*** Opening DATA FOR PROCESSING ***
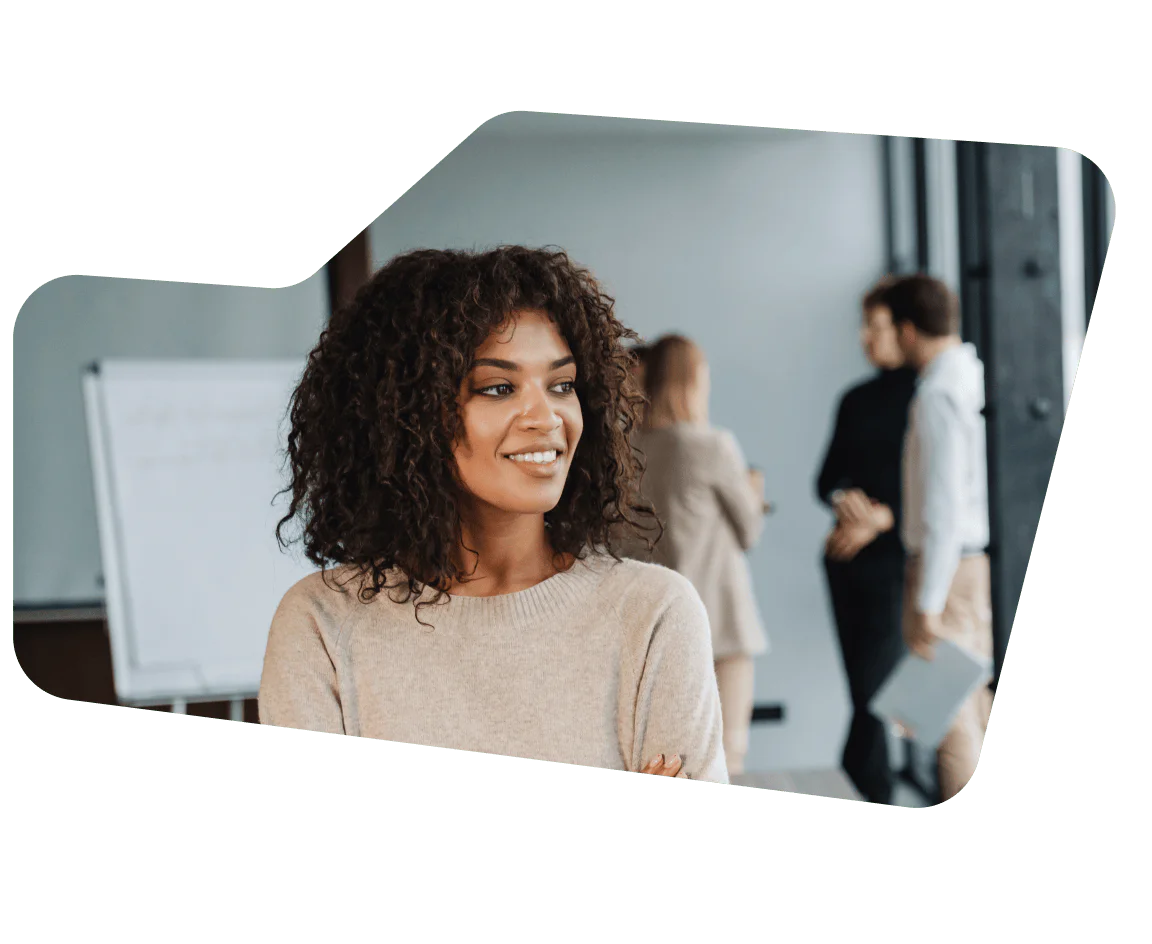 Woman smiling in the foreground with colleagues talking in the background by a whiteboard.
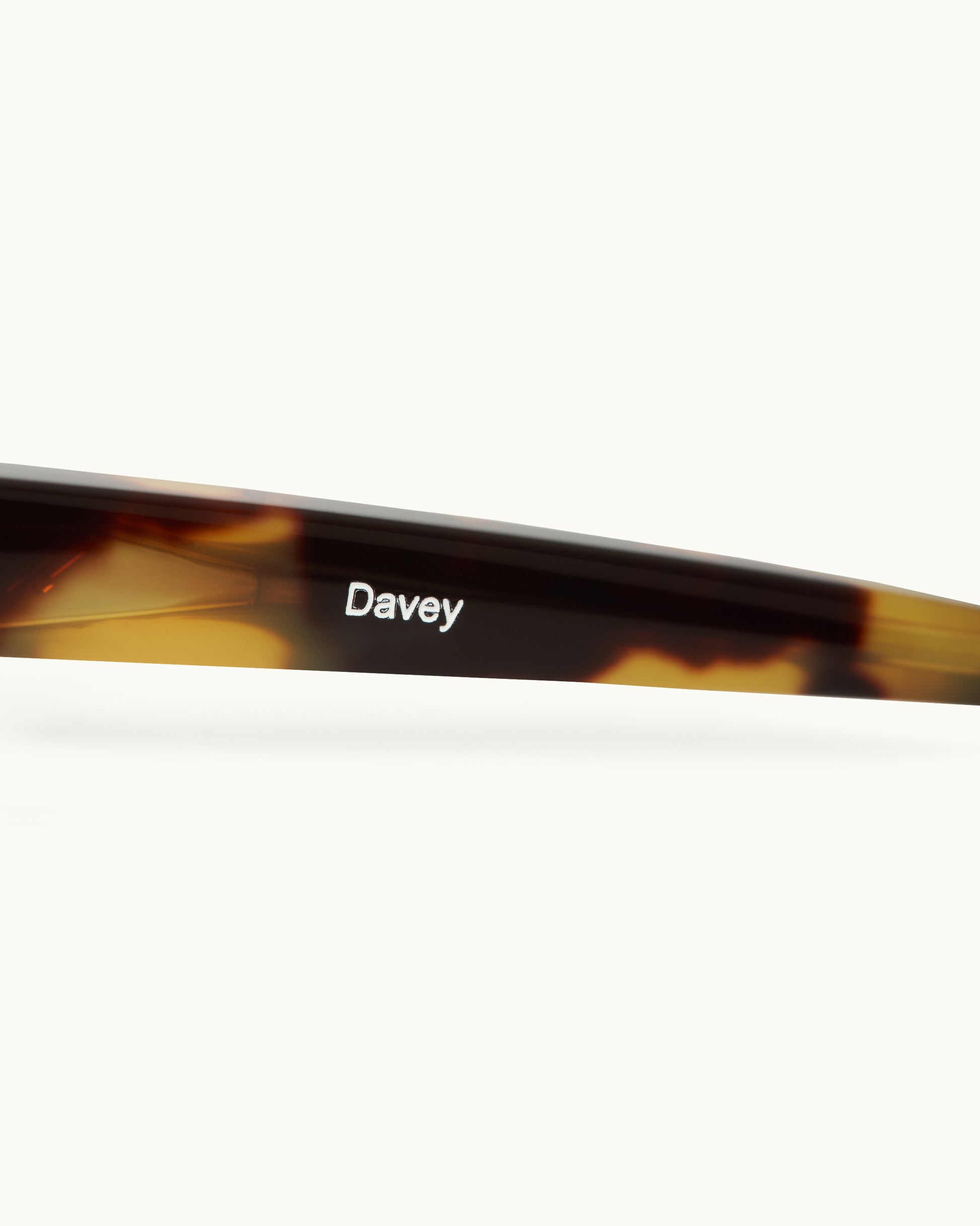 Tortoiseshell sunglasses with 'Davey' branding on a white background
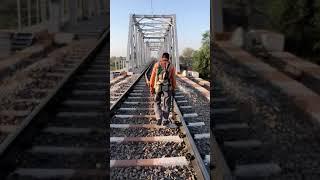 Lineman (Part-1) walking on the railway tracks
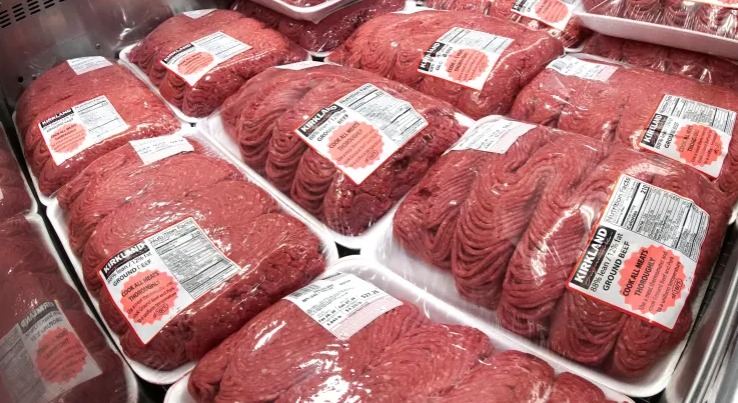 Beef and coffee products displayed in a US supermarket as tariff cuts are announced to reduce food prices.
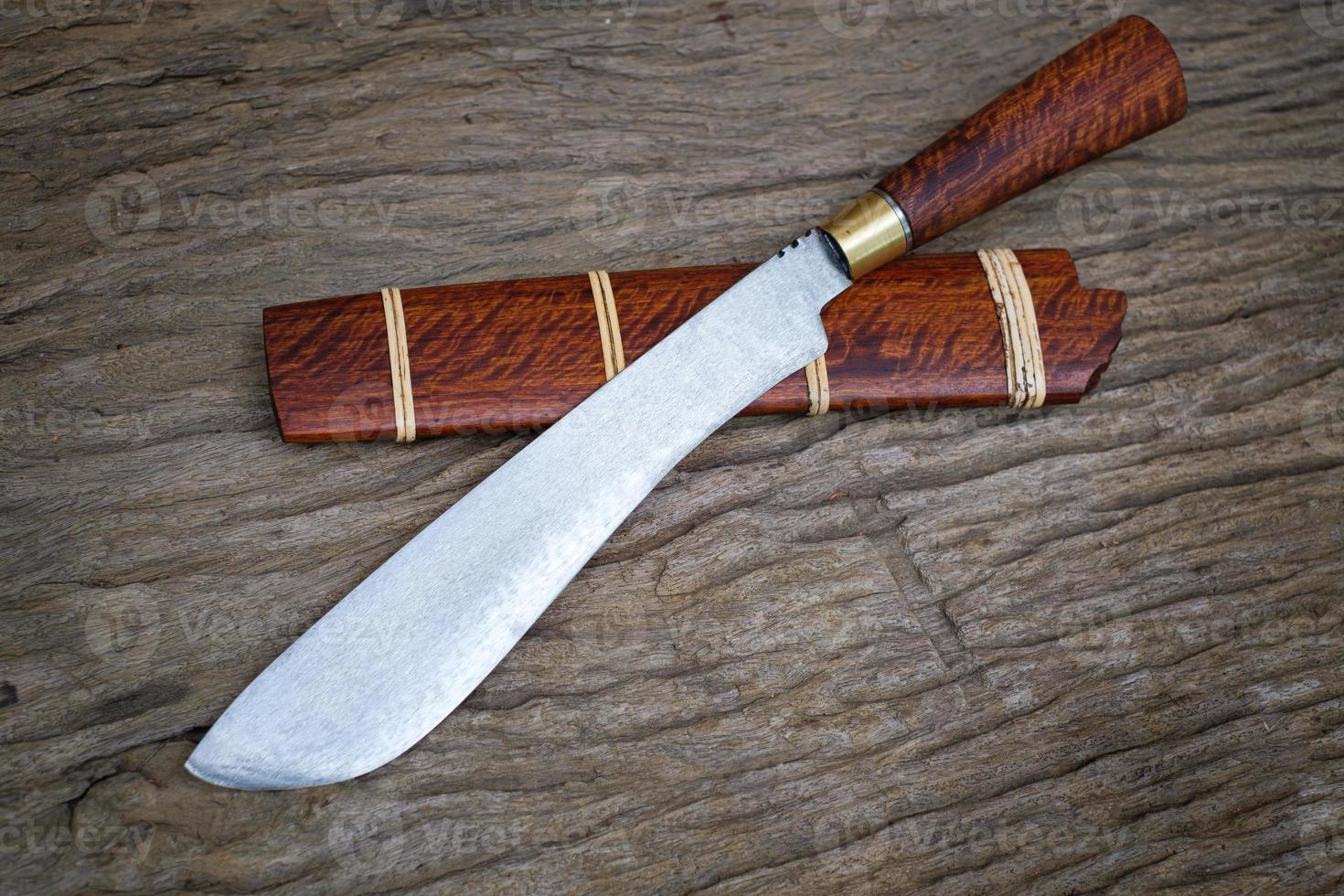 Cuchillo personalizado o enep en la vaina de madera natural sobre fondo de mesa antiguo hecho a mano de Tailandia foto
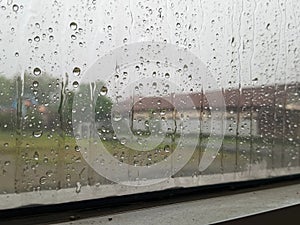 Raindrops cling to a windowpane, creating intricate patterns and distorting the muted view beyond.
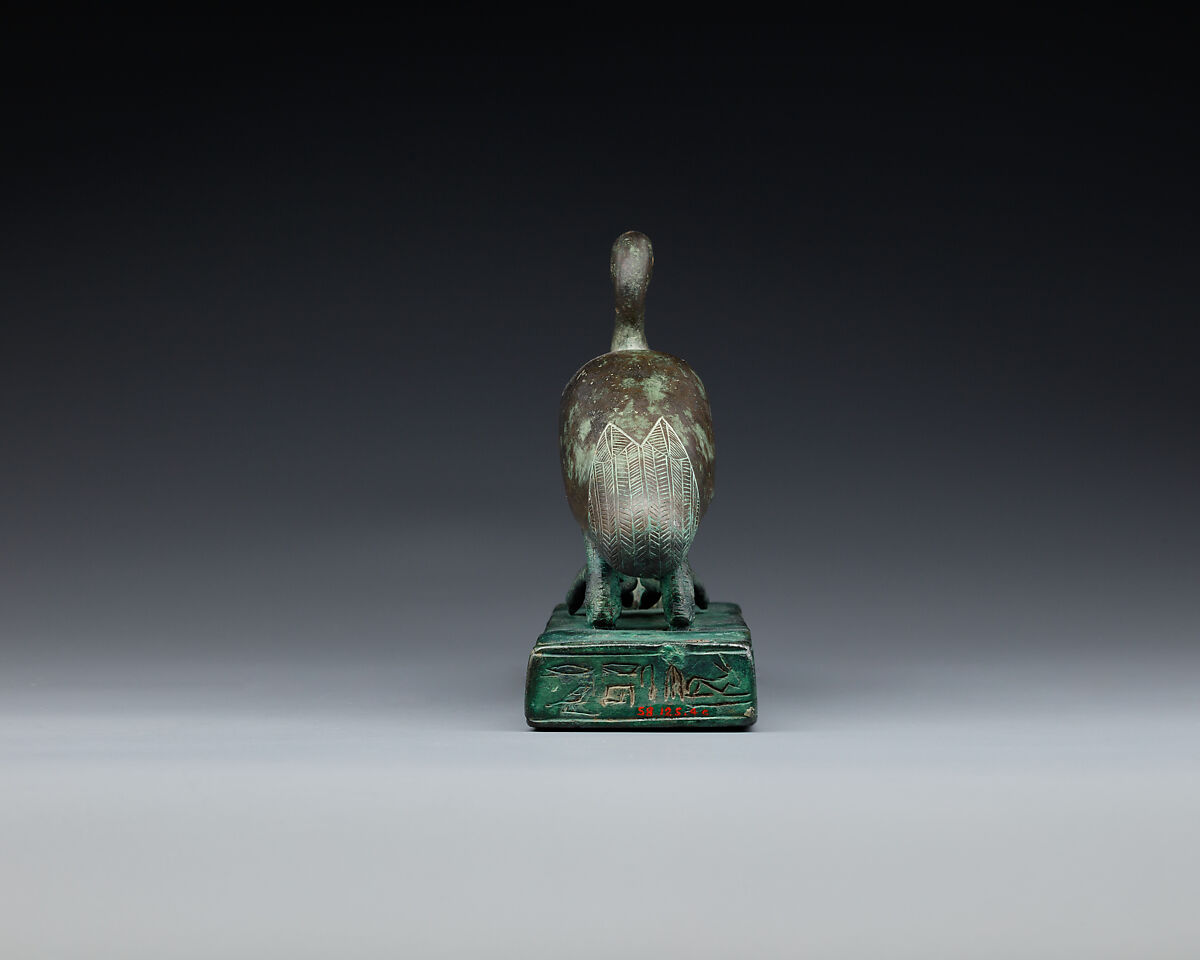 Group statue of Thoth-ibis and devotee on a base inscribed for Padihorsiese, Cupreous metal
*** Closing DATA FOR PROCESSING ***
> _TASK ITEM_: Reproduce only the lines from the line that holds "Lineman (Part-1) walking" through the end of the records, exactly as they stand, both ends included and pictures excluded.

> _ANSWER BOX_:
 Lineman (Part-1) walking on the railway tracks
 Beef and coffee products displayed in a US supermarket as tariff cuts are announced to reduce food prices.
 Cuchillo personalizado o enep en la vaina de madera natural sobre fondo de mesa antiguo hecho a mano de Tailandia foto
 Raindrops cling to a windowpane, creating intricate patterns and distorting the muted view beyond.
 Group statue of Thoth-ibis and devotee on a base inscribed for Padihorsiese, Cupreous metal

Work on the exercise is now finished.